| TASK TO COMPLETE |
Leaving pictures aside, set down each line exactly, from the first line of the data to the line with "Volkswagen Golf Alltrack 11 of 25", both included.

+++ RECORDS FOR THIS TASK +++

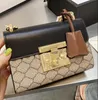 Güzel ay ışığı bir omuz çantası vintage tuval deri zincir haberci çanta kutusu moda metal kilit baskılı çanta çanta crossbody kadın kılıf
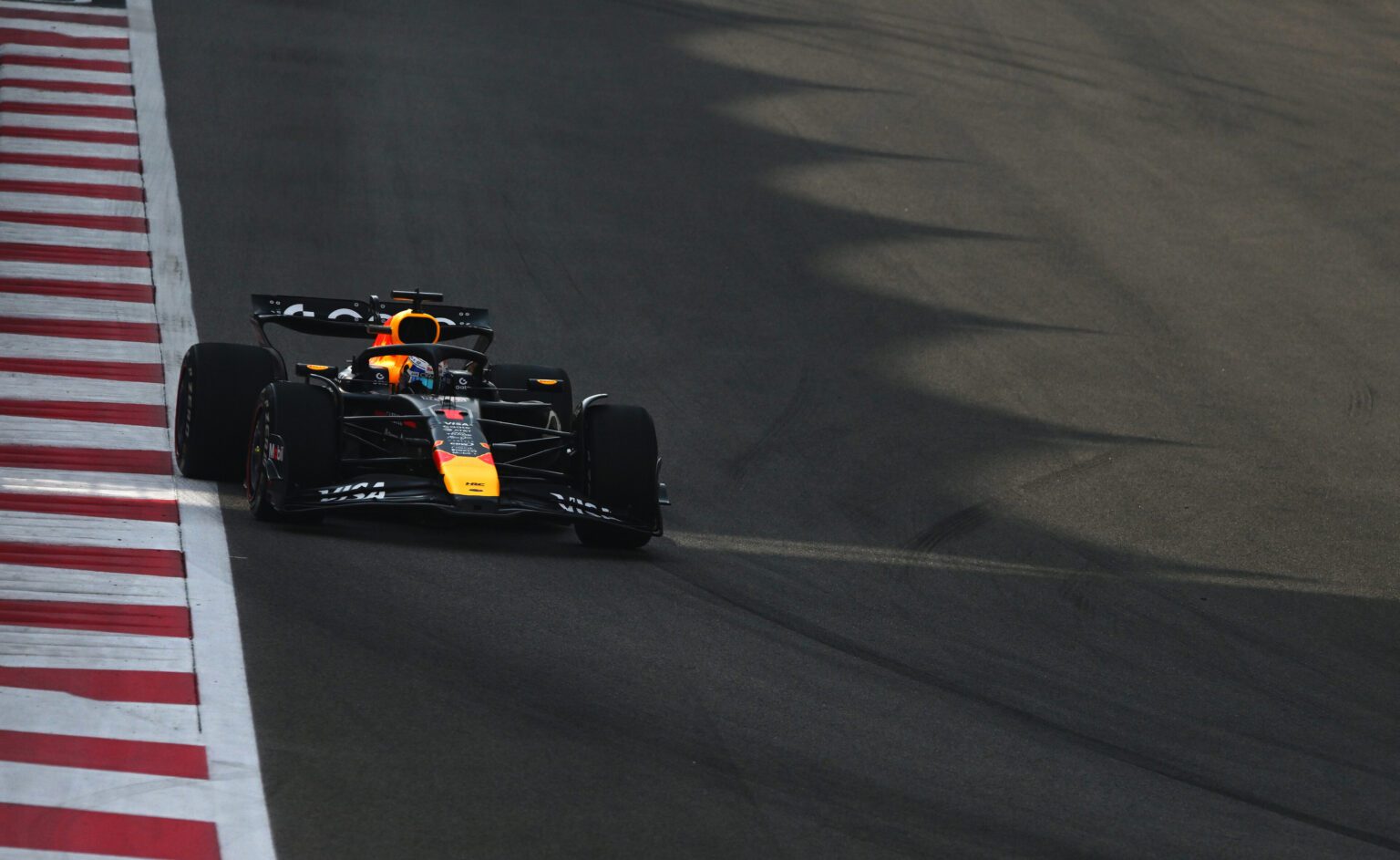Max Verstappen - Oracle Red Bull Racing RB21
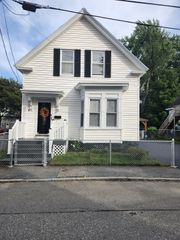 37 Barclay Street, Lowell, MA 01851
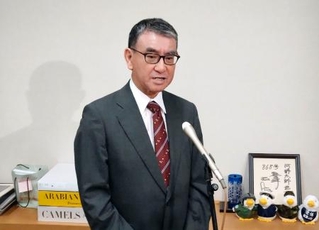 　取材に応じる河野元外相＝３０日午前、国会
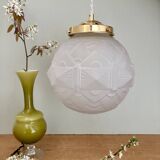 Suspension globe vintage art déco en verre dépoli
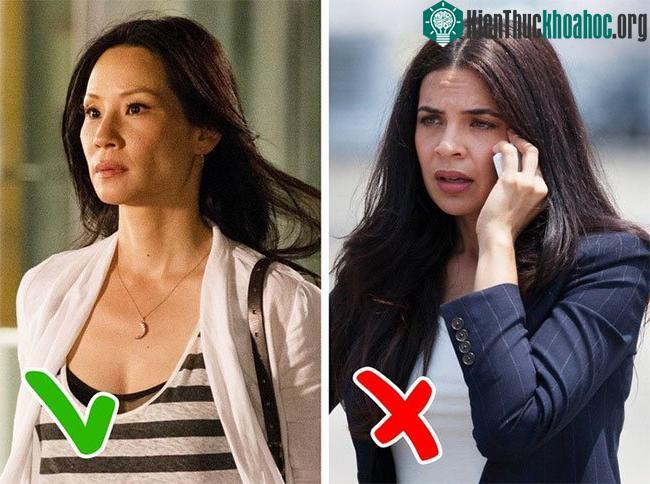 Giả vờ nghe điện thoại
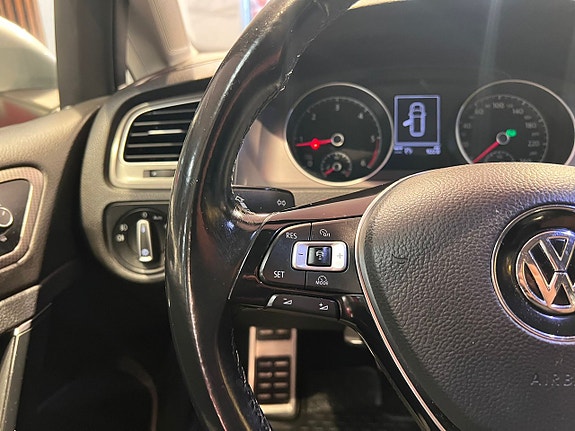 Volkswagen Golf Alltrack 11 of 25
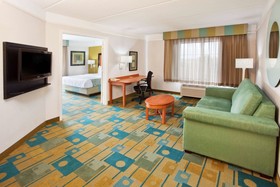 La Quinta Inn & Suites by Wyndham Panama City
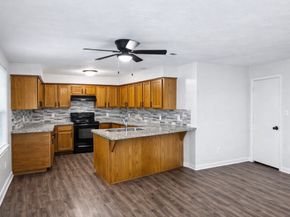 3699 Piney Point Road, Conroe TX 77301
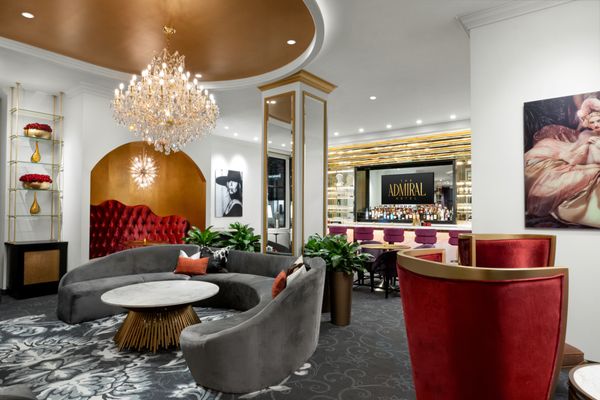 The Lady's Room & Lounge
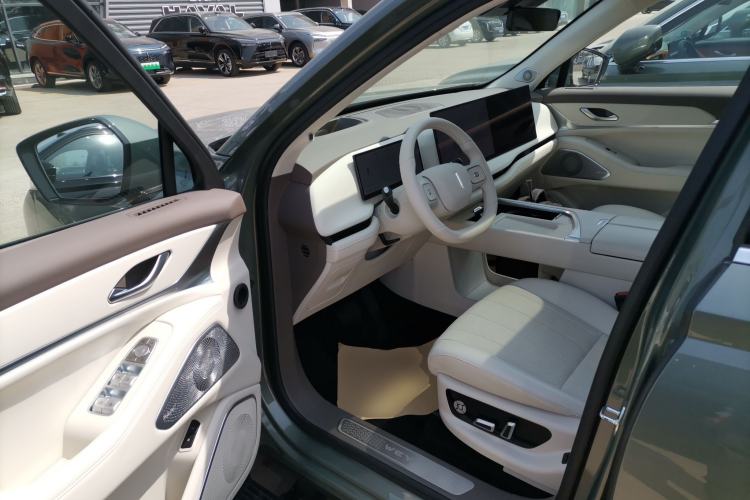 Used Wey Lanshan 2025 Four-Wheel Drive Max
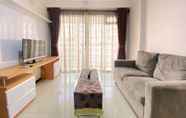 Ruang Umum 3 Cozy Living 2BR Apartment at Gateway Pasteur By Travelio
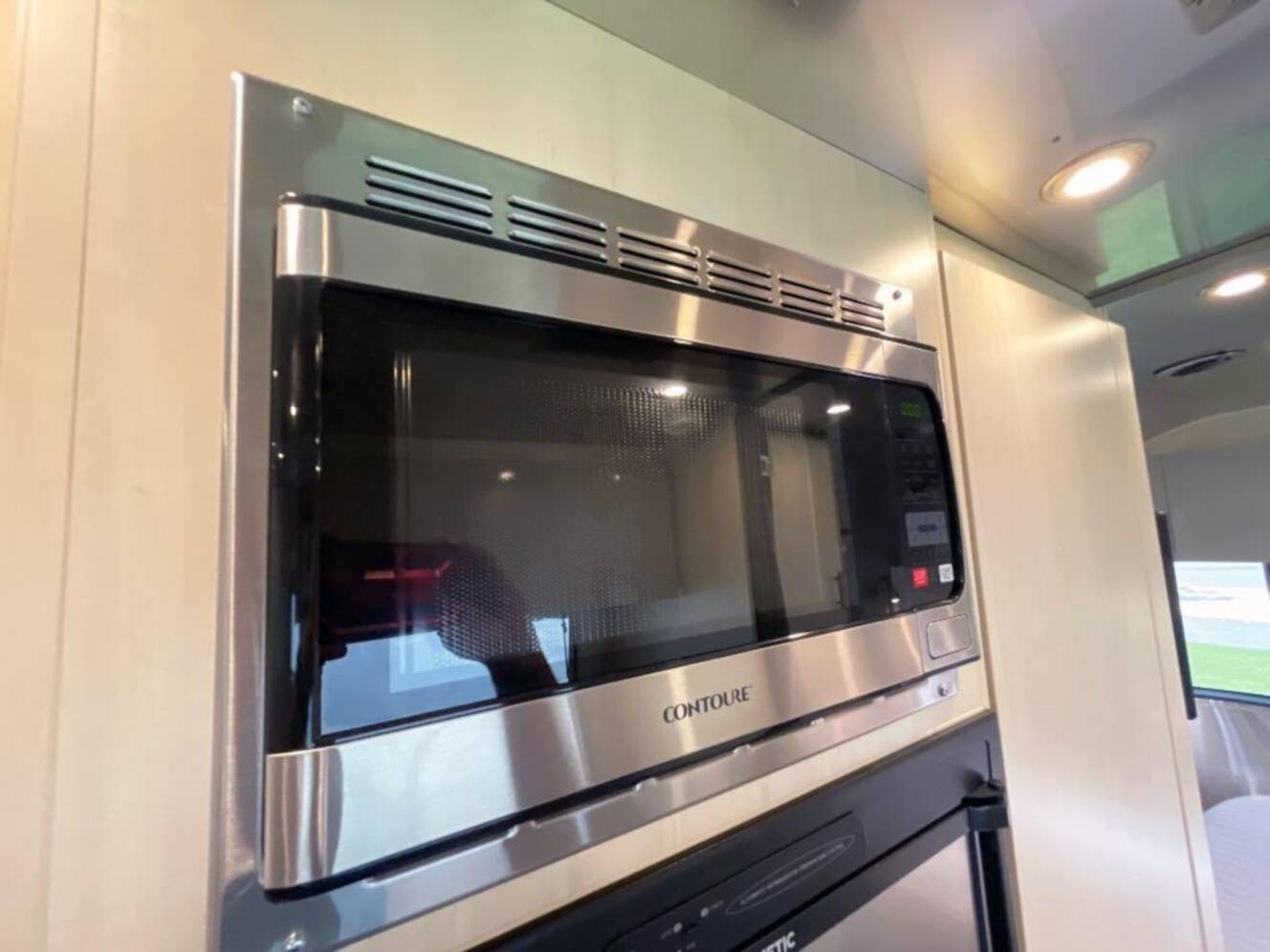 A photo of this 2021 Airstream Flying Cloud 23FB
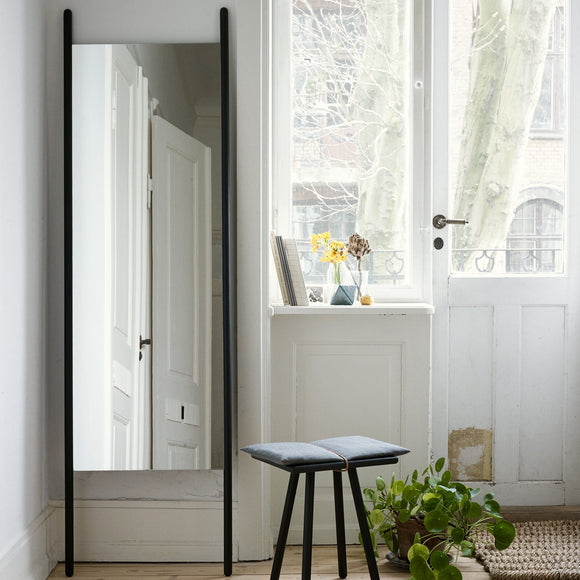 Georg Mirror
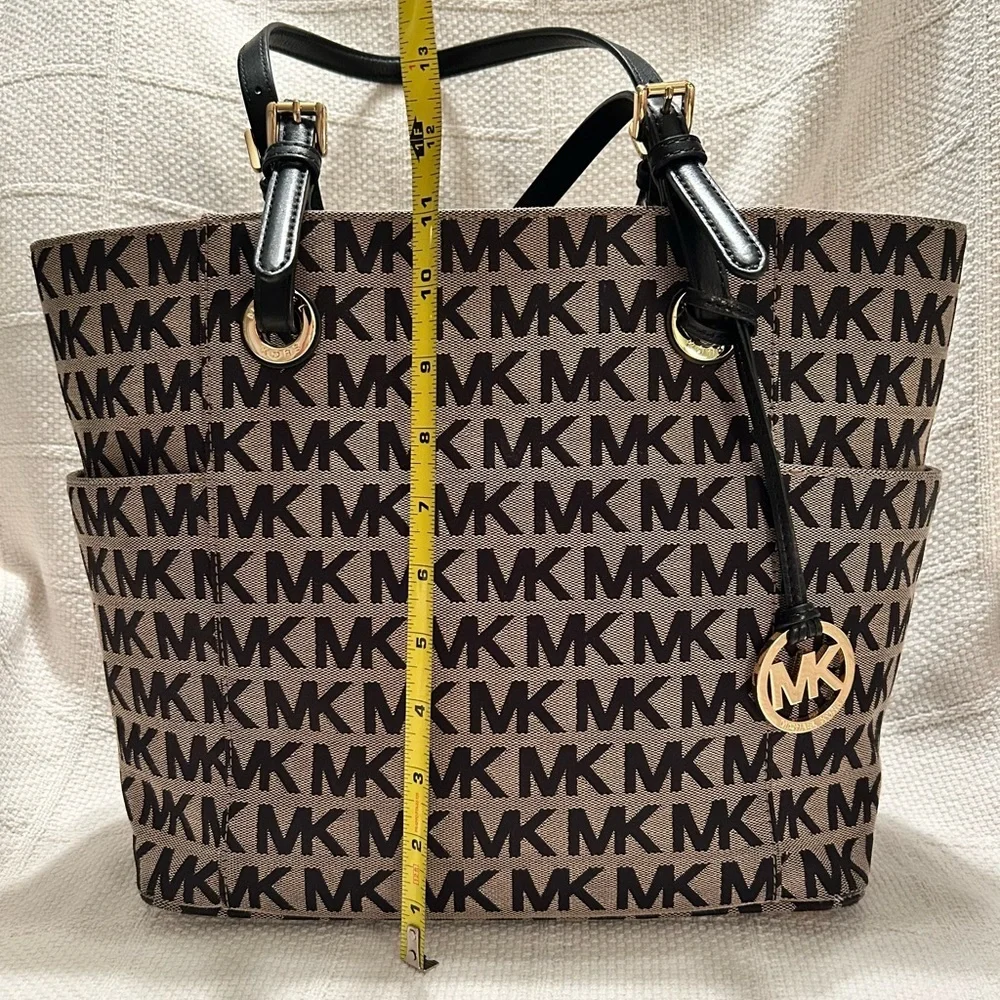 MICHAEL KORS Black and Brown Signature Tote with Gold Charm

+++

| RESPONSE BELOW |
 Güzel ay ışığı bir omuz çantası vintage tuval deri zincir haberci çanta kutusu moda metal kilit baskılı çanta çanta crossbody kadın kılıf
Max Verstappen - Oracle Red Bull Racing RB21
 37 Barclay Street, Lowell, MA 01851
 　取材に応じる河野元外相＝３０日午前、国会
 Suspension globe vintage art déco en verre dépoli
 Giả vờ nghe điện thoại
 Volkswagen Golf Alltrack 11 of 25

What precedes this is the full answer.